Recruitment won’t be limited to nurses. Mr. Dix said B.C. will add $250-million to its health budget to deal with the surgical backlog, and a large part of that will be for health care staff.
One area that has long been a challenge is recruitment of professionals in anesthesia.
“I think it’s fair to say that over the past decades, sometimes the relationships between health authorities and anesthetists and anesthesiologists have been challenging. But we’re making progress with that, and we need to recruit there as well," Mr. Dix said.
If anesthetists cannot meet the coming demand, Mr.
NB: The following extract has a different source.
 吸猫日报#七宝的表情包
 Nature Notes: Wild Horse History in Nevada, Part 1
Dix said he’s ready to look at training other health practitioners who can. (That idea, too, was floated in 2015, when the Ministry of Health proposed the use of registered nurses to administer anesthesia.)
Another recycled idea is the use of private health clinics to help clear the backlog of day surgeries. The New Democratic Party, while in opposition, was critical when the Liberal government of the day expanded reliance on private clinics, but Mr. Dix said he wants to use all the capacity they can offer – so long as they don’t extra-bill patients. By May 31, all private contracted facilities are expected to be working at maximum available capacity.
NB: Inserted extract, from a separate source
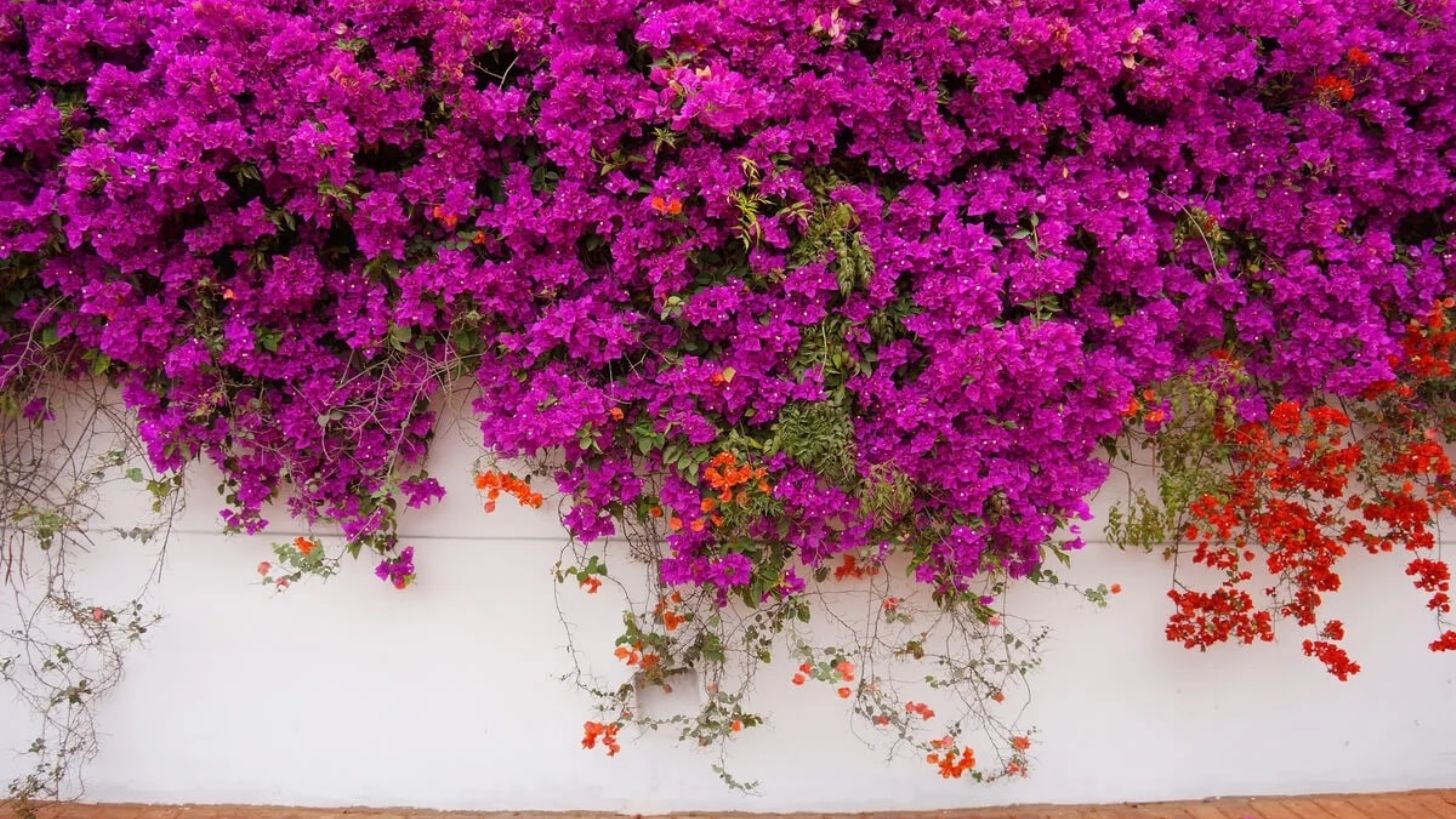 Santa Rita (Bougainvillea glabra): la enredadera más linda y decorativa  para tapizar paredes, rejas y pérgolas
It is perhaps optimistic to think that the province can now create change where it couldn’t before. But there is a unique opportunity to get all the various players on board.
“I think that the plan has to be ambitious, to deal with the number of patients and the burden they’ve had in waiting even longer than they usually wait for their treatment," said Dr. Sam Bugis, vice-president of physician affairs for Doctors of BC, the organization representing physicians.
Dr. Bugis is a surgeon, and after weeks of staring at half-empty operating lists, his colleagues are eager to get back to work. “They’re anxious to get started back looking after their own patients,” he said. "It is going to be challenging, but I think it’s something we can tackle.”
The pandemic has created stress and hardship for patients and health care workers alike, but Dr. Bugis said there is something good happening right now.
“One thing that’s happened in response to the crisis is that the front-line clinicians in various disciplines have realized that they actually can work pretty well together, and can accomplish things in a pretty short time that in the past we might have thought took a really long time,” he said.
If there ever was a moment to push an agenda for change, this is it.